Dari hal di atas, ketika induksi pemikiran ini mengarah pada hal yang bersifat umum, maka jelaslah kekerasan seksual dalam realitasnya terjadi juga di dalam Perguruan Tinggi Keagamaan Islam (PTKI), namun PTKI sendiri belum memiliki satu aturan dan mekanisme pencegahan dan penanganan kekerasan seksual (PPKS) di dalam dan di luar lingkungan kampus yang melibatkan civitas akademik. Untuk itu dilakukan analisa pentingnya aturan PPKS di PTKI dengan mengacu pada SK Dirjend Pendis tentang PPKS di PTKI dan aturan hukum di Indonesia.
Memang kita boleh saja berbincang dan berdiskusi disekitar SK Dirjen Pendis menggunakan definisi bentuk kekerasan seksual mengacu pada RUU Penghapusan kekerasan seksual, di mana satu sisi memiliki keberpihakan pada korban namun pada sisi lain memiliki potensi masalah dalam penerapan SK Dirjen Pendis ke depannya.

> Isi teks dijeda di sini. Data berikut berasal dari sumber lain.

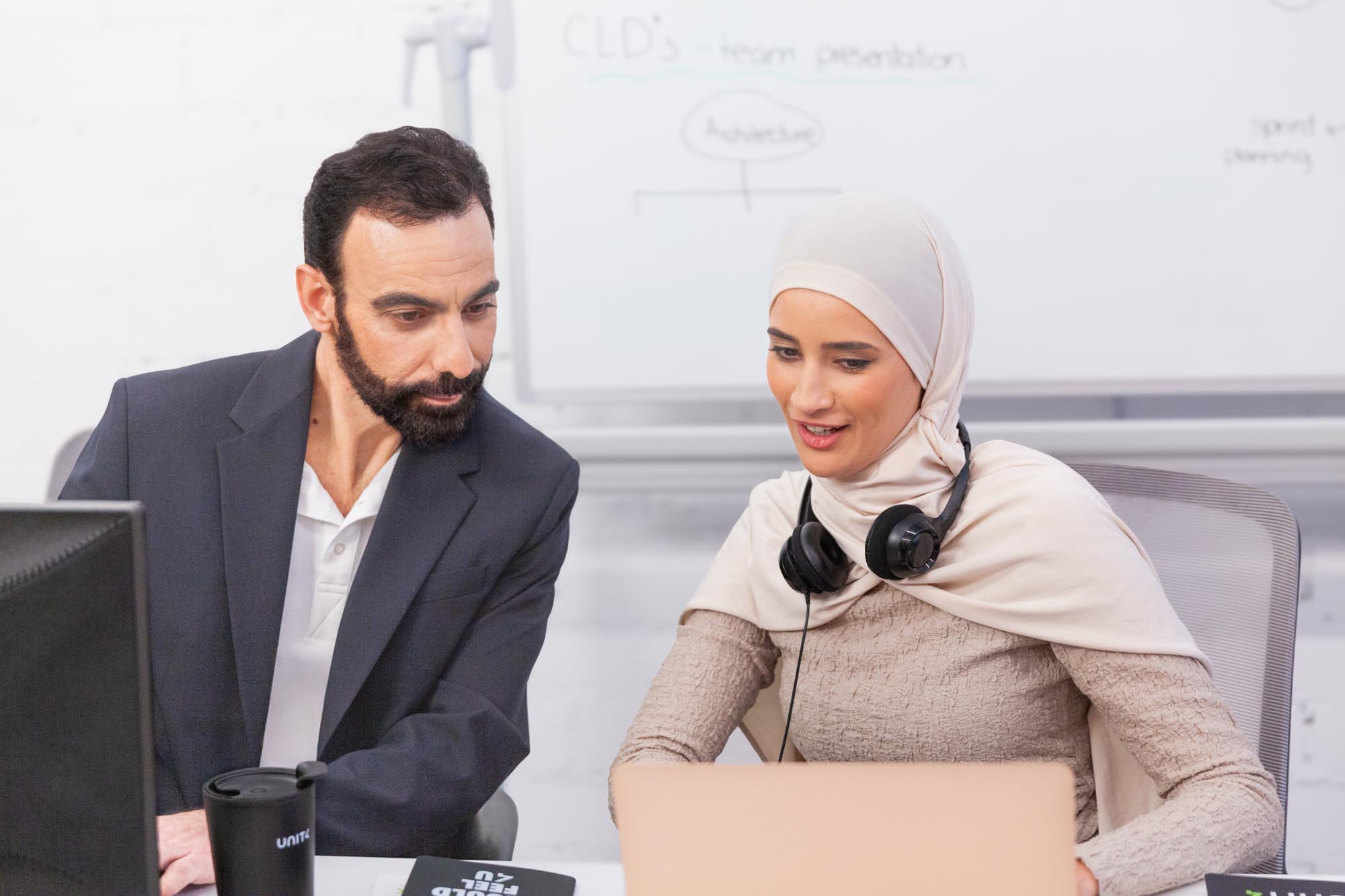 Colleagues sitting side by side, working together on computers in an office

Tetapi apa yang kini dihadapan kita adalah Peraturan dan Draft peraturan rektor di PTKI termasuk di UIN SU berusaha mengacu pada SK Dirjen Pendis namun tidak sepenuhnya mengacu pada SK Dirjend Pendis, untuk memastikan terpenuhinya aspek yuridis, sosiologis, filosofis dan aspek struktur PPKS serta kemanfaatan pada korban dan civitas akademik.

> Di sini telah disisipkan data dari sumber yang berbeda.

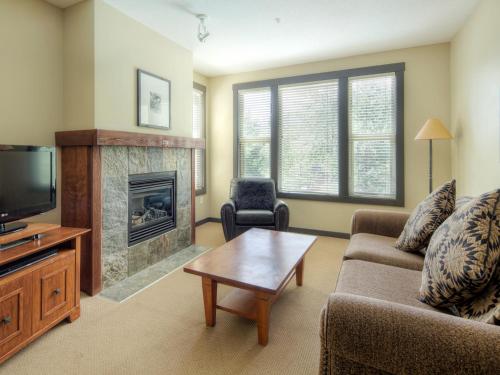 a living room with a couch and a fireplace at Panorama Mountain Resort - Premium Condos and Townhomes in Panorama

Hem…. cerita kekerasan memang mengerikan, tetapi ketika cerita seksual sedikit sensitif, terlebih menyangkut hal di perguruan tinggi antara dosen dan mahasiswa, atau antara pendidik yang memiliki otoritas keilmuan dengan peserta didik yang berposisi sebagai pencari ilmu pengetahuan.

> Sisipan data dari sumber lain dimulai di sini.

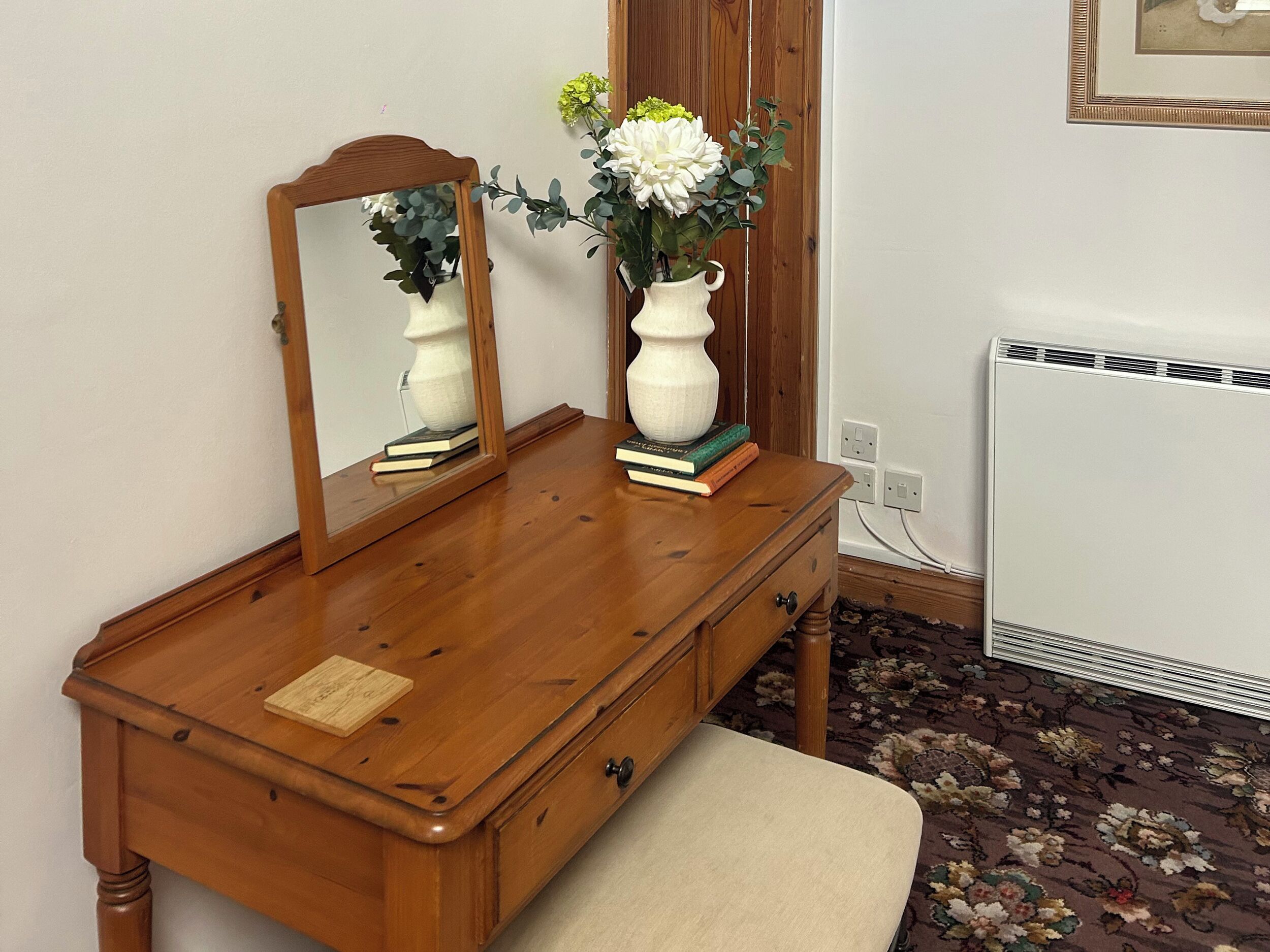 Un aparador de madera con un espejo, un florero con flores y libros.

Mungkin dari sini kita mulai melakukan sebuah kesadaran bersama, pertama mari kita bangun komitmen untuk peduli dengan lebih mengerti dan memahami apa itu pencegahan dan penanganan kekerasan seksual (PPKS), kedua mari kita rencanakan paling tidak rencana pendidikan, rencana pembelajaran kita arahkan adanya satu sesi untuk mencatat hal ini sudah pantas didiskusikan. Dan akhirnya satu saat nanti akan menjadi gerakan pencegahan yang masif.
Dr Jailani sebagai penjaga gawang terkait kepedulian ini tentu tidak mungkin berjalan sendiri, apalagi dengan jumlah mahasiswa puluhan ribu di kampus UIN Sumatera Utara Medan, tim dan strukturisasi akan lebih efektif bila kita mulai saat ini juga.
Bila ini benar-benar terjadi, dosen dan mahasiswa boleh saja berjumpa di mana-mana tetapi ia akan terlindungi dengan kode etik, kesadaran tinggi, serta dalam rangka mencapai tujuan perguruan tinggi yang sama kita cintai. Aamiin.
Kita setuju “Dengan kolaborasi kita bangun negeri, lewat pendidikan kita bersinergi”.